The Data Table widget receives one or more datasets in its input and presents them as a spreadsheet. Data instances may be sorted by attribute values. The widget also supports manual selection of data instances.
The Distributions widget displays the value distribution of discrete or continuous attributes. If the data contains a class variable, distributions may be conditioned on the class.
The graph shows how many times (e.g., in how many instances) each attribute value appears in the data. If the data contains a class variable, class distributions for each of the attribute values will be displayed (like in the snapshot below). To create this graph, we used the Zoo dataset.

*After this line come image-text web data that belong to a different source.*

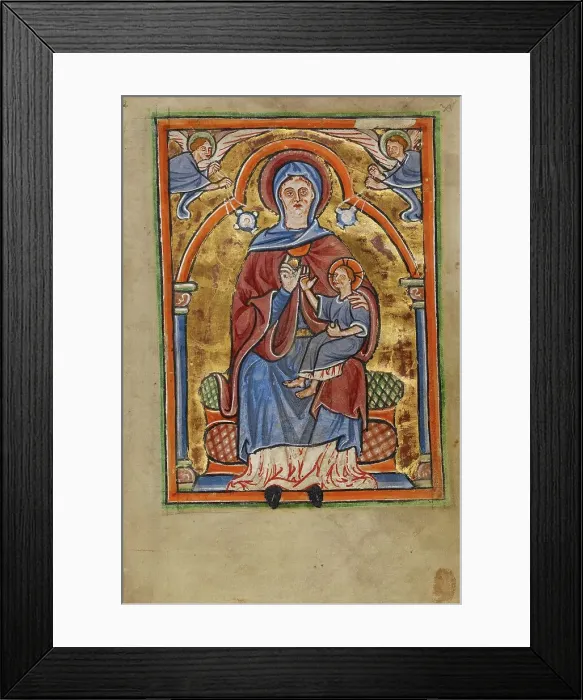 Framed Print : The Virgin and Child Enthroned; Illustrated Vita Christi, with devotional... about 1190-1200. Creator: Unknown Framed Print : The Virgin and Child Enthroned; Illustrated Vita Christi, with devotional... about 1190-1200. Creator: Unknown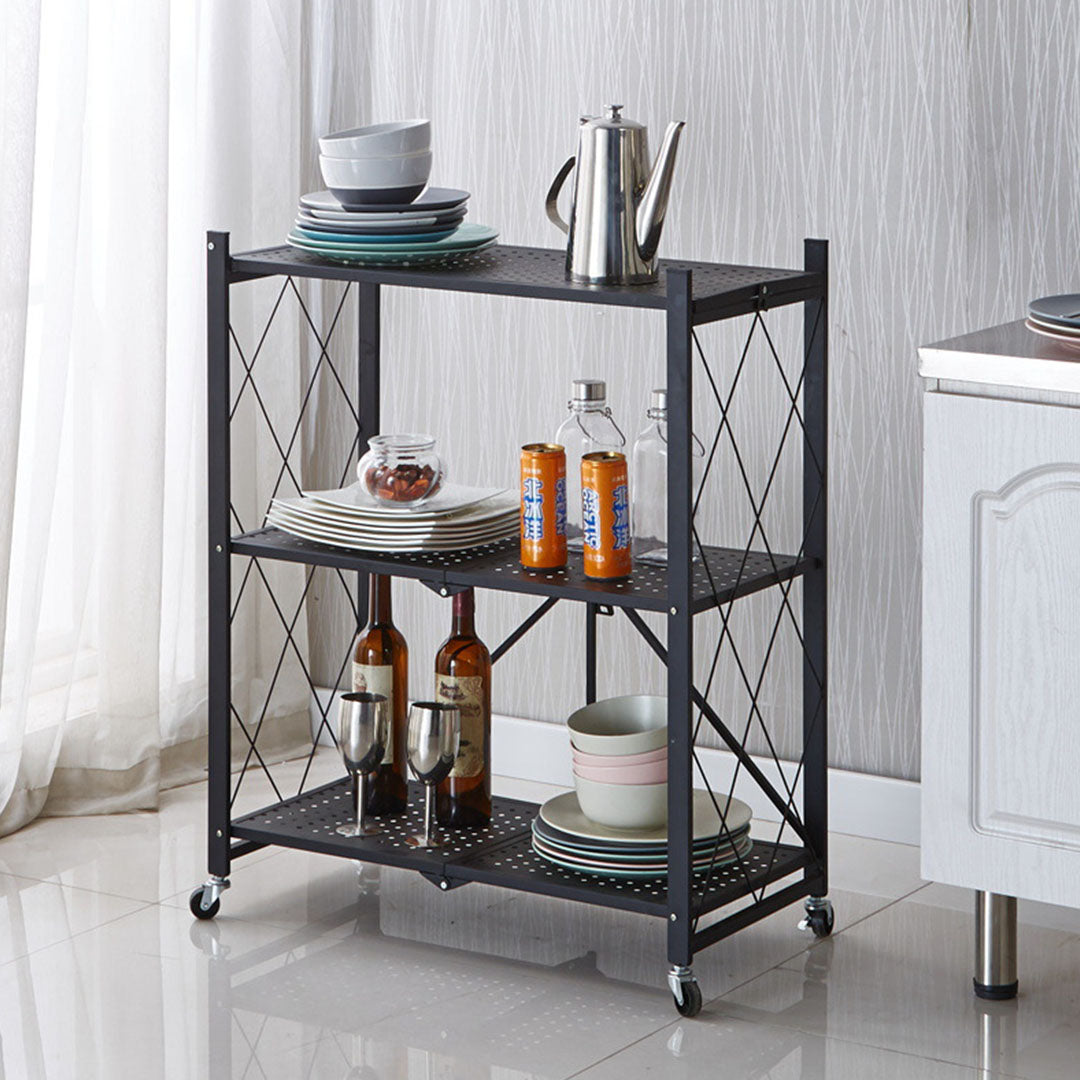 SOGA 3 Tier Steel Black Foldable Kitchen Cart Multi-Functional Shelves Portable Storage Organizer with Wheels - Cafe Supply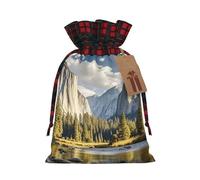 Bolsa de regalos de Navidad del parque nacional de Yosemite bolsas de Navidad para suministros de fiesta de Navidad, bolsa con cordón, bolsa de caramelos, bolsas de envoltura para regalos de fiesta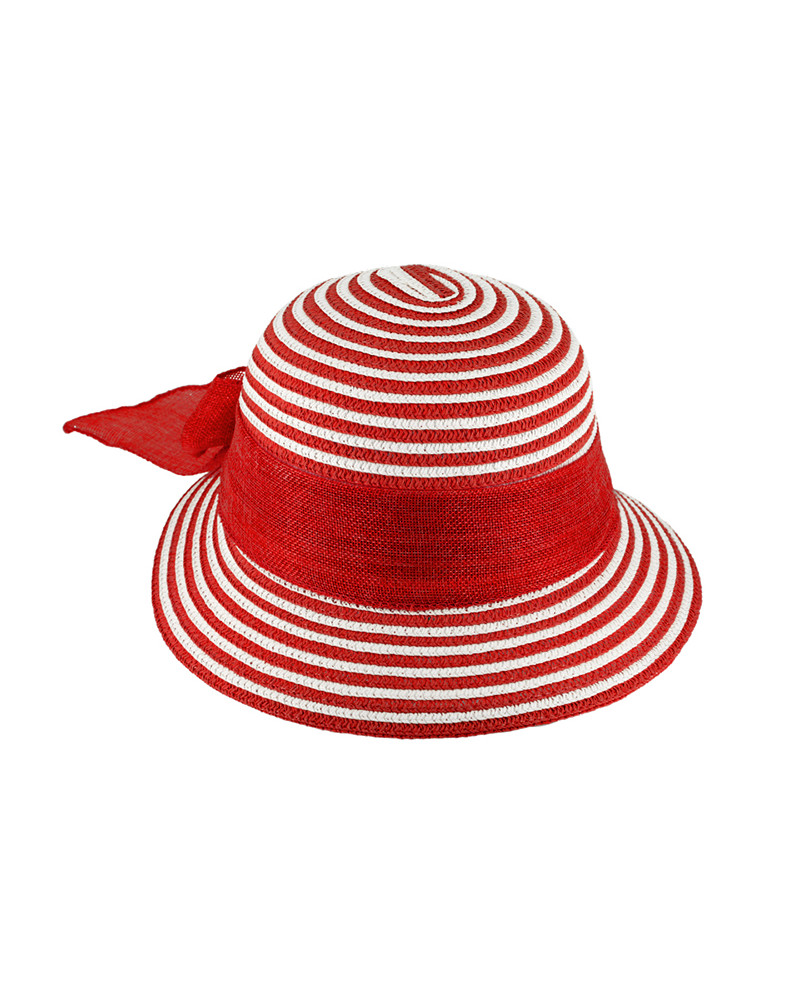 Petite capeline de cérémonie ou d'été en paille papier coloris Rouge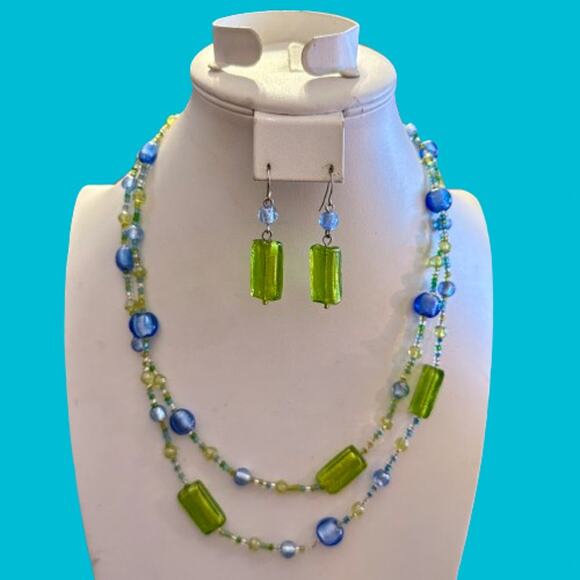 Handcrafted Jewelry - Gorgeous Handcrafted Blue & Green Artisan Glass Beaded Set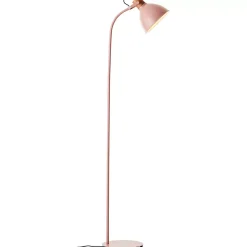 ERENA Lampadaire 1L rose clair E27 40W - métal/bois - ampoule non incluse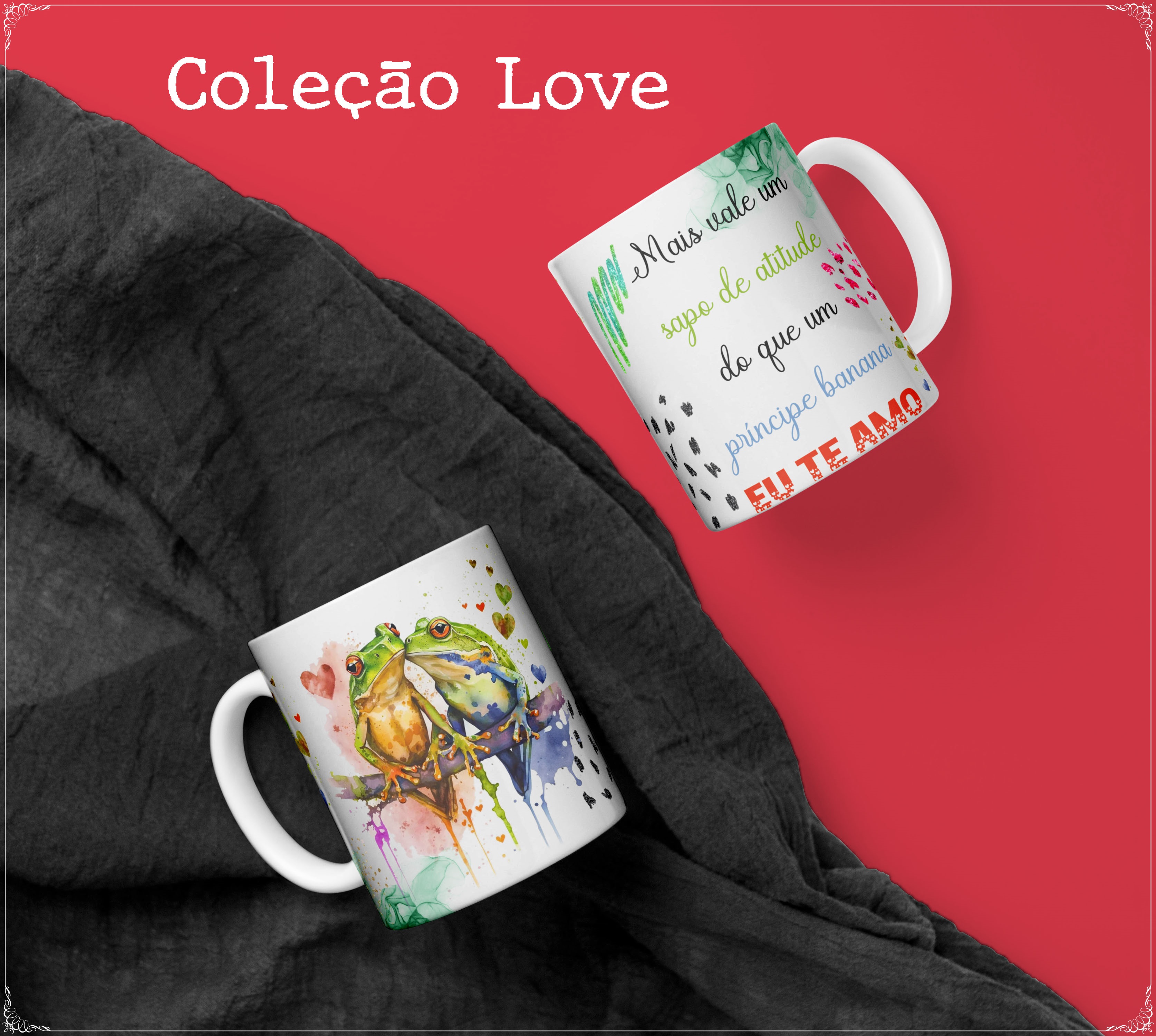 10 Artes para Caneca Namorados Love Animais em Corel Draw  2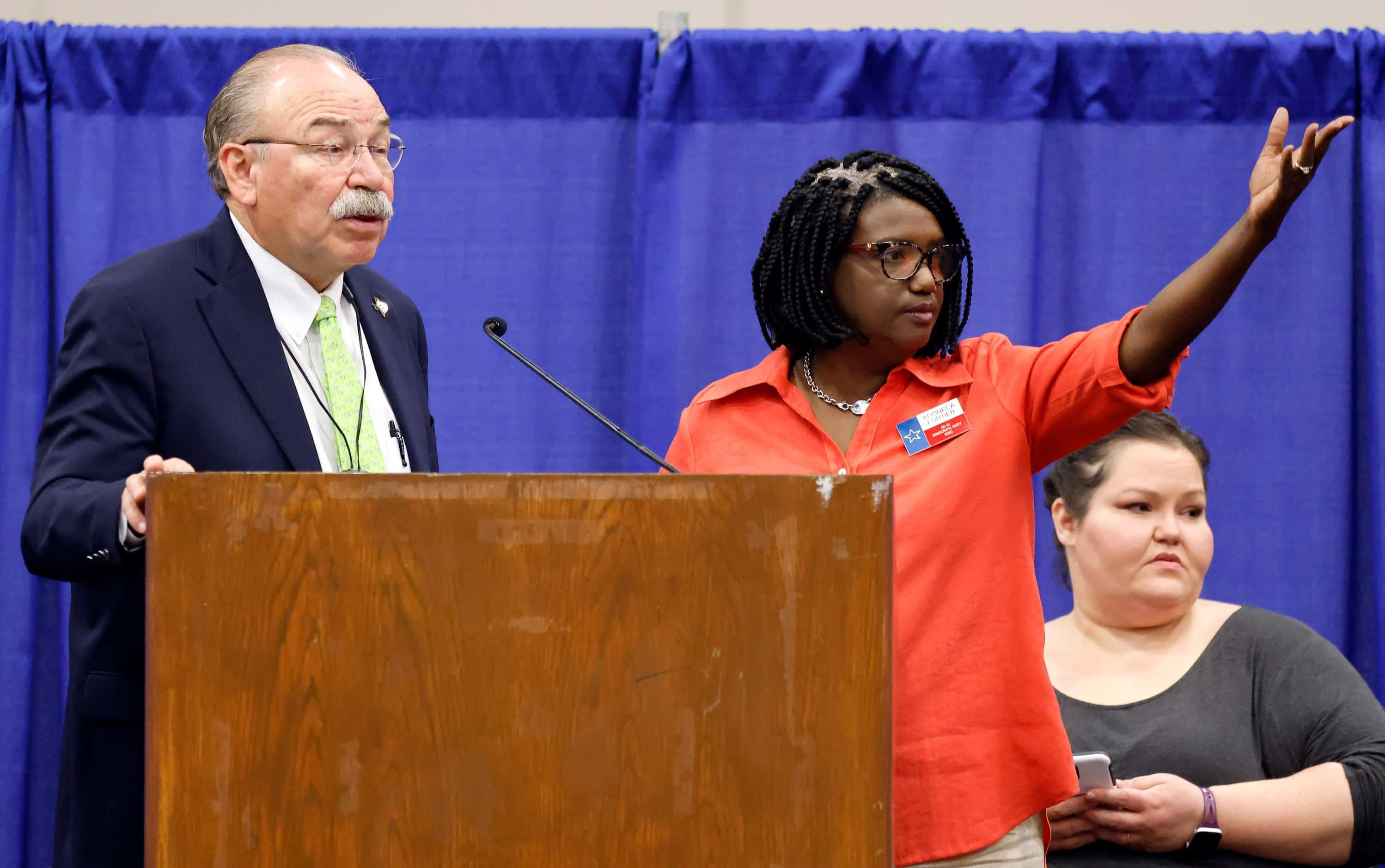 Texas Democratic Party Chairman Gilberto Hinojosa (left) and Adoneca Fortier listen to...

The Scatter Plot widget provides a 2-dimensional scatter plot visualization for continuous attributes. The data is displayed as a collection of points, each having the value of the x-axis attribute determining the position on the horizontal axis and the value of the y-axis attribute determining the position on the vertical axis. Various properties of the graph, like color, size and shape of the points, axis titles, maximum point size and jittering can be adjusted on the left side of the widget. A snapshot below shows the scatter plot of the Iris dataset with the coloring matching of the class attribute.
Scatter Plot with Data Table
The Silhouette Plot widget offers a graphical representation of consistency within clusters of data and provides the user with the means to visually assess cluster quality. The silhouette score is a measure of how similar an object is to its own cluster in comparison to other clusters and is crucial in the creation of a silhouette plot. The silhouette score close to 1 indicates that the data instance is close to the center of the cluster and instances possessing the silhouette scores close to 0 are on the border between two clusters.
The Mosaic plot is a graphical representation of a two-way frequency table or a contingency table. It is used for visualizing data from two or more qualitative variables and was introduced in 1981 by Hartigan and Kleiner and expanded and refined by Friendly in 1994. It provides the user with the means to more efficiently recognize relationships between different variables.
Heat map is a graphical method for visualizing attribute values by class in a two-way matrix. It only works on datasets containing continuous variables. The values are represented by color: the higher a certain value is, the darker the represented color. By combining class and attributes on x and y axes, we see where the attribute values are the strongest and where the weakest, thus enabling us to find typical features (discrete) or value range (continuous) for each class.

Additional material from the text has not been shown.